Мы с Петровичем женаты больше сорока лет. Как так долго продержались? Не знаю… Просто оба Собаки по гороскопу, только я — дворняжка, а он — спокойный сенбернар.
Вот вам пример. Приезжаю с гастролей и с порога кидаюсь к мойке. Стою, тру грязную чашку и «тявкаю» что-то недовольное под нос: «Вот! Посуду за собой не помыл, я устала как собака, вечером снова на концерт ехать…»
Вдруг оглядываюсь, а Петровича и след простыл! «Ленок, ты уже все? — кричит он из комнаты. — Закончила?» В наших с Петровичем семьях испокон века было принято: если поженились, то на всю жизнь! Вовка-младший — единственное исключение… У меня уже третья невестка.
Как-то сидим с Петровичем за чаем. «Слушай, — вдруг хмыкает он. — Знаешь, у нас в СССР было ведь пятнадцать союзных республик? Так что…» Намекает на то, что Кристина Орбакайте из Литвы, Лена Ленская — с Украины, а Наташа Подольская — из Белоруссии. Я его тут же перебиваю: «Стоп! На Белоруссии, пожалуй, и остановимся!»
— Вы с Петровичем не только много лет вместе, но и из одного города. Удивительное совпадение!
— Заканчивая в Свердловске одиннадцатый класс, я пела в ансамбле Политехнического института. И хотя в нашей семье все любили петь, папа мечтал, чтобы после школы я поступила в какой-нибудь серьезный институт. Мама отмахивалась: «Нечего! У нас все на заводе работают — и Ленка туда пойдет!»

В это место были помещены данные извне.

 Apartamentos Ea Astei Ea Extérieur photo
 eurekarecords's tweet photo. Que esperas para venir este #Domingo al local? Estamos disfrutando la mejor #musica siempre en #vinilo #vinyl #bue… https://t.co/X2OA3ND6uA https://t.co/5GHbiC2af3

...Однажды во время репетиции меня позвали к телефону. «Я музыкальный руководитель ансамбля филармонии Владимир Пресняков, — говорит голос в трубке. — Хотим тебя пригласить на прослушивание». А на меня слово «филармония» всегда наводило ужас! Там концерты симфонической музыки, арии, оратории, а тут — здрасте! — я со своими эстрадными песенками. Ну что мне там делать? Мама, как услышала об этом предложении, в крик: «Какая филармония! На завод иди! А то будешь, как все эти артисты, цыганкой!»

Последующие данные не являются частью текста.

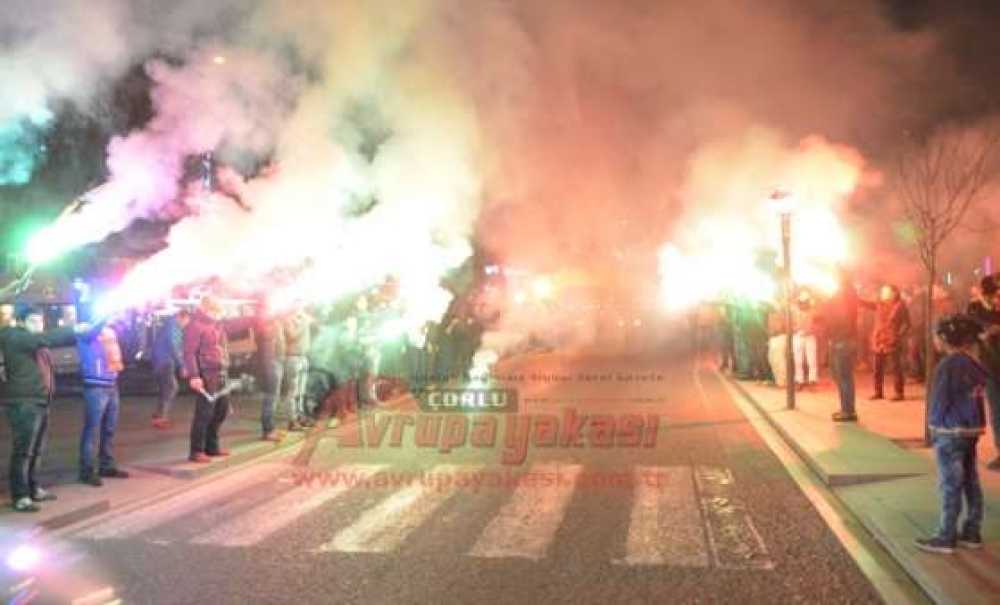 Çorluspor 1947 Taraftarlarından Yeni Yaş Kutlaması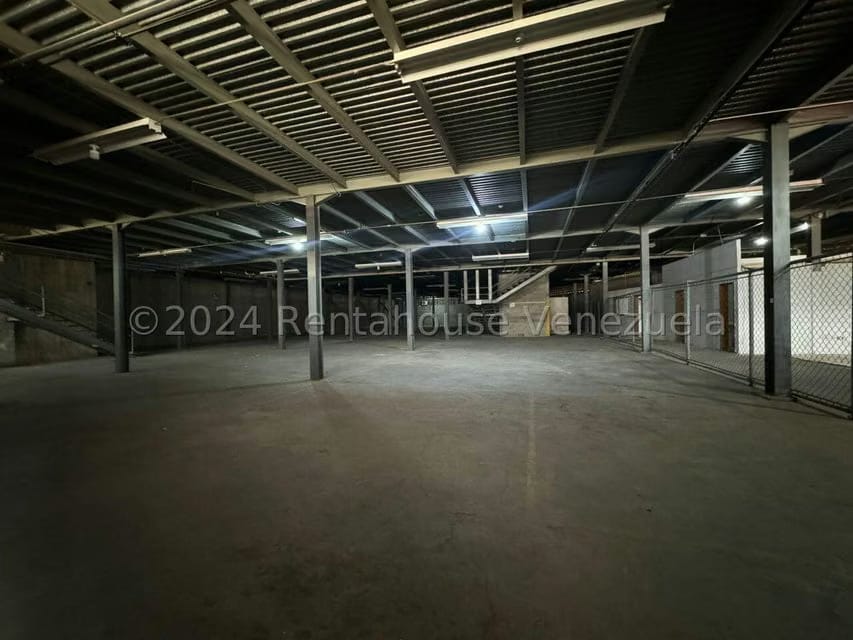 Comercial (Galpon - Deposito) en Venta en Guatire, Miranda - 14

Но что-то в голосе товарища Преснякова меня подкупило, и я стала собираться на прослушивание.
А идти-то не в чем! Слава богу, подружка Людка одолжила платье. На два размера, правда, больше. Подол подшили прямо на мне, еще и кушаком подвязали. Для довершения «образа» я нацепила две крахмальные нижние юбки и надела туфли на шпильках. В четыре руки начесали высокую «бабетту». Ею можно было пробить стенку, честное слово! Лака для волос у нас тогда не было, я развела сахар и обильно покрыла этим сиропом прическу. Люда хихикала: «Ленка, а если пчелки запутаются в твоих волосах? Придешь как улей!» Соседка, с которой мы столкнулись в подъезде, долго потом вспоминала: «Лена, у тебя такая башня на голове была. Сквозь нее весь Свердловск был виден!» В ансамбле только мы с Вовой были одногодки, остальным артистам — под сорок.
Сплошное старичье! Помню, вышла тетечка в строгой наглухо застегнутой блузе и длинной юбке, сложила руки под грудью да как заголосит: «На лужайке, на завалинке промочили зайки валенки…» Она, оказывается, до этого в оперетте пела. Ну куда мне, думаю, со своим рокерским хриплым ором «ей-ей-ей, хали-гали!» в этот коллектив? Так что я сразу заявила: «Не буду с вами работать!»
И стала от «филармонических» товарищей бегать. А они, настырные, телефон обрывают, домой приходят. Маму так обработали, что она вдруг по-другому заговорила: «Ты, не понимаешь? Это же работа!»
Помню, загораем с подружкой на пляже. Людка шепчет: «Лен, по-моему, те самые, из филармонии, идут.